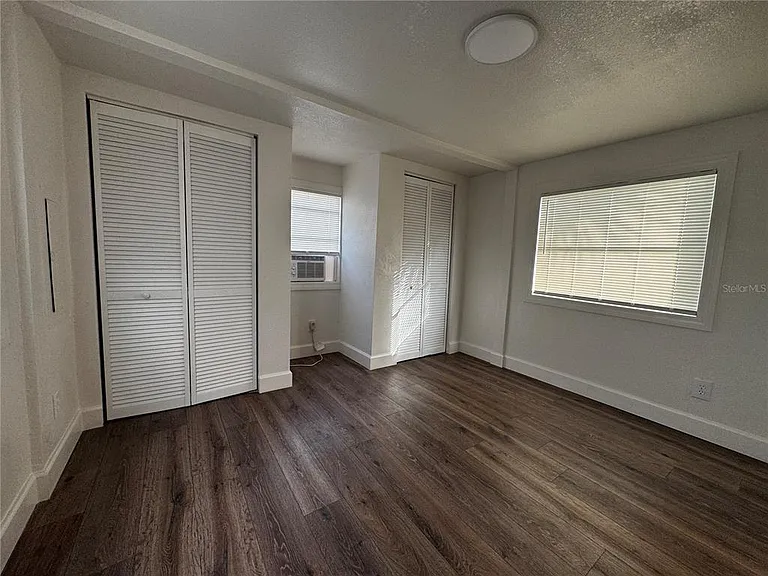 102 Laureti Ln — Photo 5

...

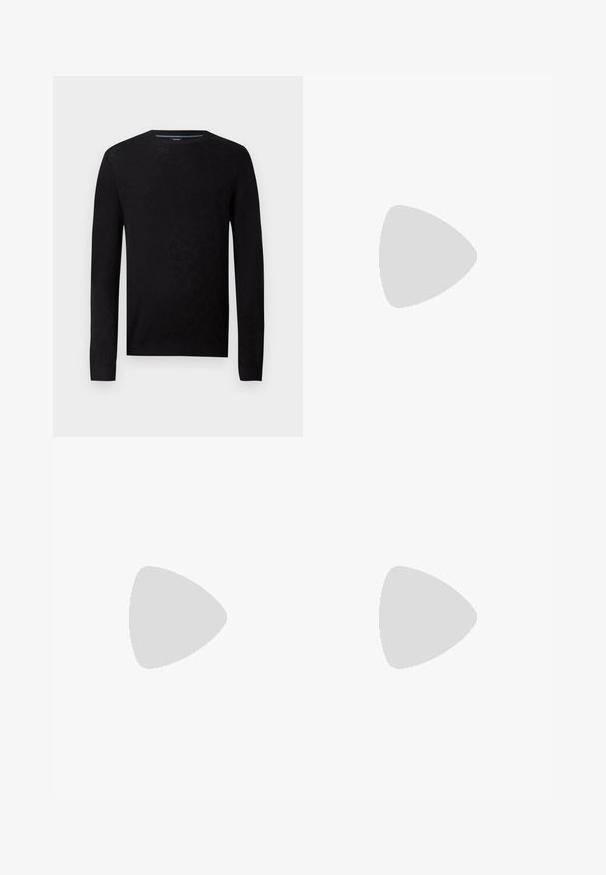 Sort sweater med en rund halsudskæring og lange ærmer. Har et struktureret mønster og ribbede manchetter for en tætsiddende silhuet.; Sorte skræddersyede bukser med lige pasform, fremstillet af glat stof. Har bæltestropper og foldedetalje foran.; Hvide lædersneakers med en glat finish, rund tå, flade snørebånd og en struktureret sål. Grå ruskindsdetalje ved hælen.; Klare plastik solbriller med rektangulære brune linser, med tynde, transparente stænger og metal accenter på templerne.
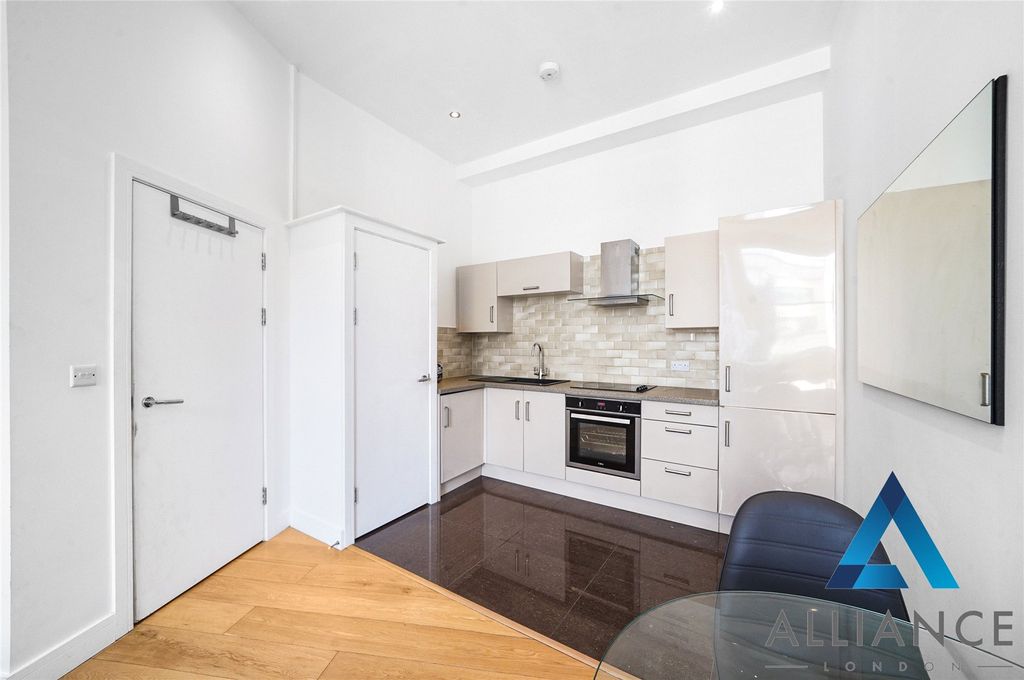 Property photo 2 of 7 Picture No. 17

## THE TASK
Your answer must be everything above from the line with "Sort sweater med" down to the line with "Property photo 2 of 7 Picture No. 17", word for word, and no pictures.

## REPLY
 Sort sweater med en rund halsudskæring og lange ærmer. Har et struktureret mønster og ribbede manchetter for en tætsiddende silhuet.; Sorte skræddersyede bukser med lige pasform, fremstillet af glat stof. Har bæltestropper og foldedetalje foran.; Hvide lædersneakers med en glat finish, rund tå, flade snørebånd og en struktureret sål. Grå ruskindsdetalje ved hælen.; Klare plastik solbriller med rektangulære brune linser, med tynde, transparente stænger og metal accenter på templerne.
 Property photo 2 of 7 Picture No. 17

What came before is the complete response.